Pertumbuhan positif bisnis logistik

Kondisi yang berbentuk negara kepulauan membuat biaya logistik di Indonesia menjadi salah satu yang tertinggi di Asia, bahkan berkontribusi terhadap seperempat dari produk domestik bruto Indonesia yang mencapai $1 triliun. Posisi Indonesia dalam Indeks Daya Saing Logistik 2018 yang dirilis Bank Dunia memang terus membaik.

Sejak bulan Maret 2019, layanan logistik di Indonesia termasuk industri yang paling banyak dilirik oleh investor. DailySocial mencatat sekitar 7 startup mendapatkan pendanaan tahapan awal hingga tahapan lanjutan dari para investor. Mulai dari Kargo, Triplog, Ritase, Waresix, Logisly, Shipper, dan Finfleet. Investor yang terlibat di antaranya adalah EV Growth, Golden Gate Ventures, East Ventures hingga Kejora Ventures. Besarnya jumlah pendanaan yang diberikan berkisar antara $3,5 juta hingga $14,5 juta.
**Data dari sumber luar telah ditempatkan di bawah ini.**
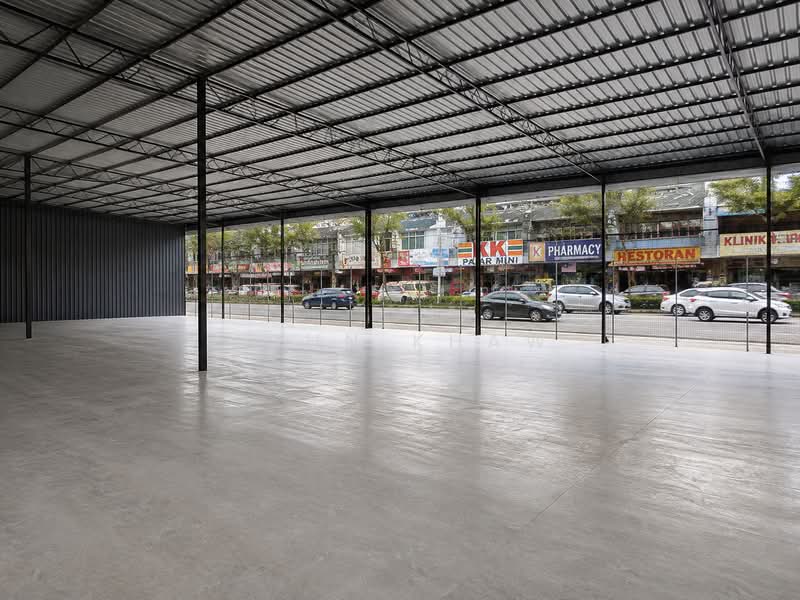 Shop for Rent in Jalan Pudu (KL City Centre) - John Khaw - Exterior - PropertyGuru.com.my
Tercatat di tanah air, pengeluaran untuk logistik darat diperkirakan mencapai $290 miliar pada tahun 2020. Selain dari pasar yang besar, jumlah populasi kendaraan komersial (9,6 juta unit pada 2019) telah menciptakan persaingan harga yang ketat.
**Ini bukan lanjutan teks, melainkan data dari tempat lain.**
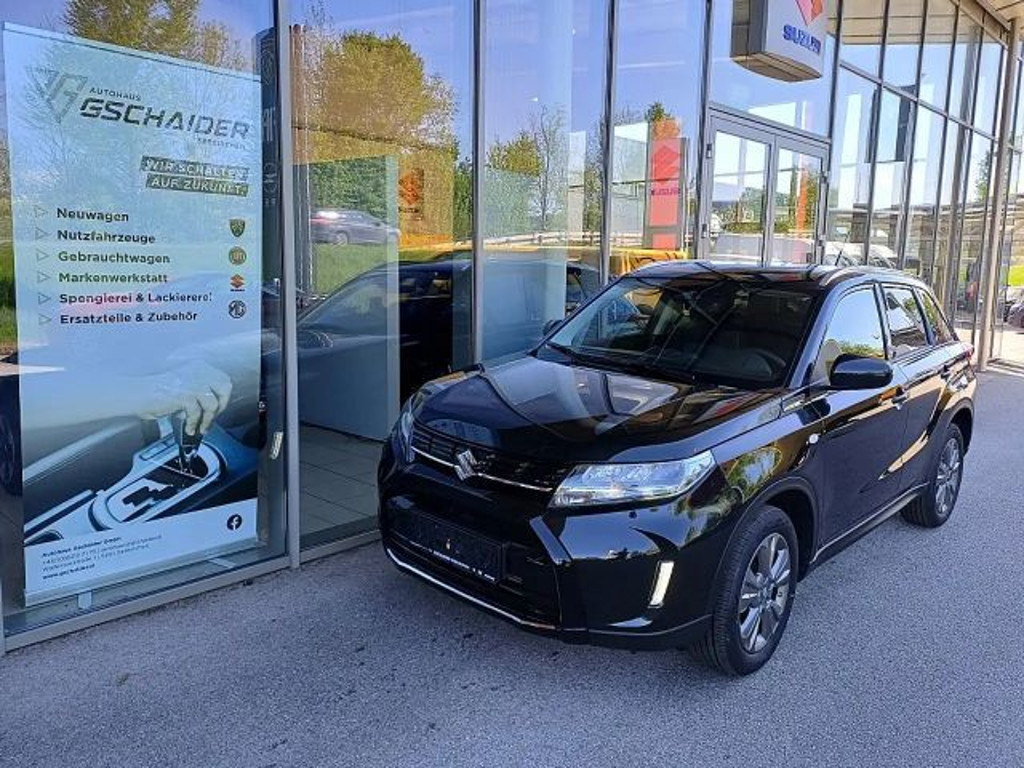 Suzuki Vitara GL Shine AllGrip Hybrid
Namun, rasio biaya logistik terhadap PDB Indonesia masih mencapai 24%, tertinggal dari Thailand dan Malaysia. Kondisi tersebut menciptakan potensi senilai $240 miliar dalam sektor logistik di Indonesia. Biaya logistik yang tinggi tidak hanya melemahkan daya saing industri, tetapi juga meningkatkan cost of doing business bagi pelaku UKM di Indonesia. Diharapkan layanan logistik saat ini, bisa mengatasi persoalan tersebut dengan menghadirkan layanan yang mendukung pertumbuhan UKM dan layanan e-commerce di Indonesia.